**Given data:**
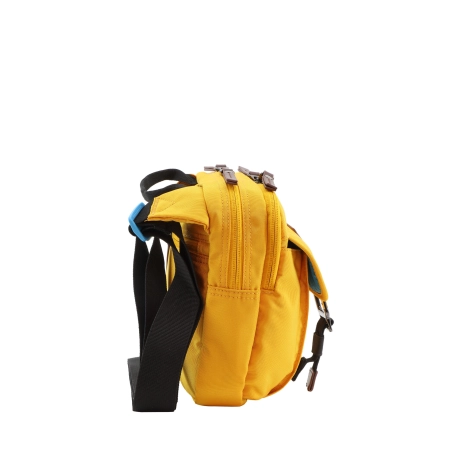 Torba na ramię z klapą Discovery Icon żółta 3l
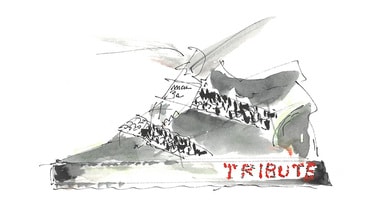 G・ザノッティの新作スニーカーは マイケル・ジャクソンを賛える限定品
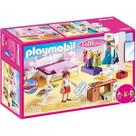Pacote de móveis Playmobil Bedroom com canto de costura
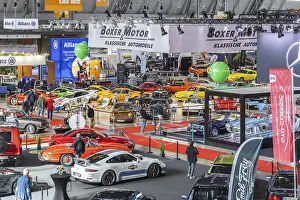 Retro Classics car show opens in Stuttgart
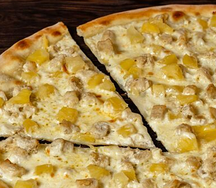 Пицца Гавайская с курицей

==

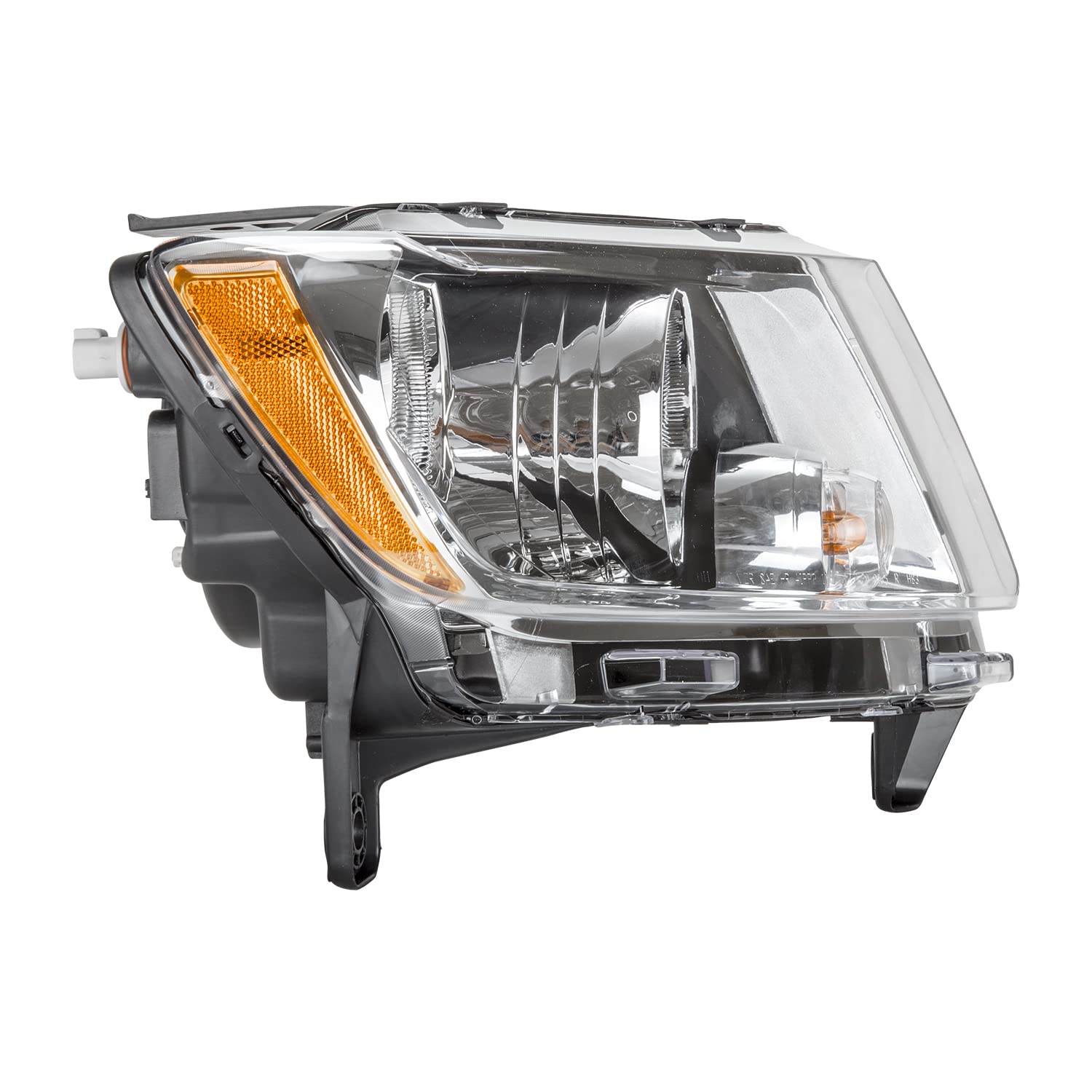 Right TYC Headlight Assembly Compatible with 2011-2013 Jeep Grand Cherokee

**What needs to be done:**
Among the lines above, the one with "G・ザノッティの新作スニーカーは マイケル・ジャクソンを賛える限定品" opens the part to repeat and the one with "Пицца Гавайская с курицей" closes it; repeat only that part exactly, with no pictures.

**Answer box:**
 G・ザノッティの新作スニーカーは マイケル・ジャクソンを賛える限定品
Pacote de móveis Playmobil Bedroom com canto de costura
 Retro Classics car show opens in Stuttgart
 Пицца Гавайская с курицей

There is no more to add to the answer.